Regrettably, most of us meander through life with little thought of how our time is passing, but like birthdays, anniversaries, illnesses and deaths, each New Year provides another measure of how quickly our lives pass. It is a valuable reminder not to squander what will be gone too quickly, whether it be our vitality or our time with those around us.
We need those benchmarks. There was a public figure the same age as I, whenever that person accomplished something newsworthy, it reminded me of how much a single individual can accomplish, but more importantly it reminded me of how little I had accomplished. That person died a few years ago, and now serves only to remind me how suddenly life can end.
However, like those times when it isn’t feasible to remodel so we settle for new paint or new curtains, sometimes overhauling our entire life isn’t practical. Though there are many things I’d like to completely redo in my life, I content myself with making small changes I can manage, like setting the tone for the one to come.
Started the year with a new manicure and pedicure. Nothing unusual about that, except since I tend to choose the same polish, month after month, I let my mani-pedi girl pick for me. I would have never have chosen what she chose for me, as a result, I left her shop feeling like I was wearing someone elses’ fashion. Two colors of glitter polish, may not sound that radical, but to me it was symbolic of being open to the whims and advice of others–especially those with more experience.
Though I am a naturally lucky person, I rarely gamble. It seems gambling is a pastime which makes more losers than winners. Nevertheless, I bought a lottery ticket. Had it been a winning ticket, I could have told myself it was a fortuitous omen for the coming year, but since it served only to make my pocket lighter, I discarded it along with the many other disappointments of 2011.
I bought myself a new coffee maker, a sort of Christmas gift to myself, but in keeping with the “out with the old and in with the new” thing, I waited until Jan, to try it.
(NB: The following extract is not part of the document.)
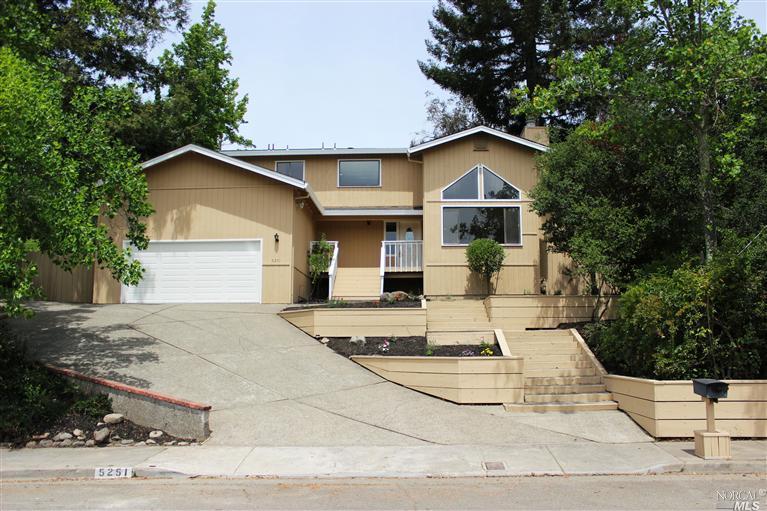 a view of a house with a yard and large tree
Trying to figure out how to disassemble and reassemble it, the first time, could almost fill another blog post, but this first challenge of The New Year, was a good reminder of how important it is to be open to change and ready to learn new ways of doing familiar things.
As I drank my coffee, I reflected on the past year, a Christmas season in which I gave myself a vacation from the expectations of others and allowed myself to do things to restore my sense of self. I replayed events in a year, including many dealings with tradesmen and tenants. Reflecting on those experiences inspired me to make a single resolution.
Having been often taken advantage of by those to whom I was too nice, I resolved to be meaner. Not more assertive, not more aggressive, just less nice. I don’t like mean people and certainly don’t want to become one, but people take advantage of nice people. I can’t help being kind, it’s in my nature, but after having too many experiences in which I felt I shouldn’t have been so nice, I decided to try harder to be mean. Chances are I’ll fail, but I’m guessing I won’t be the only one who doesn’t keep their resolutions.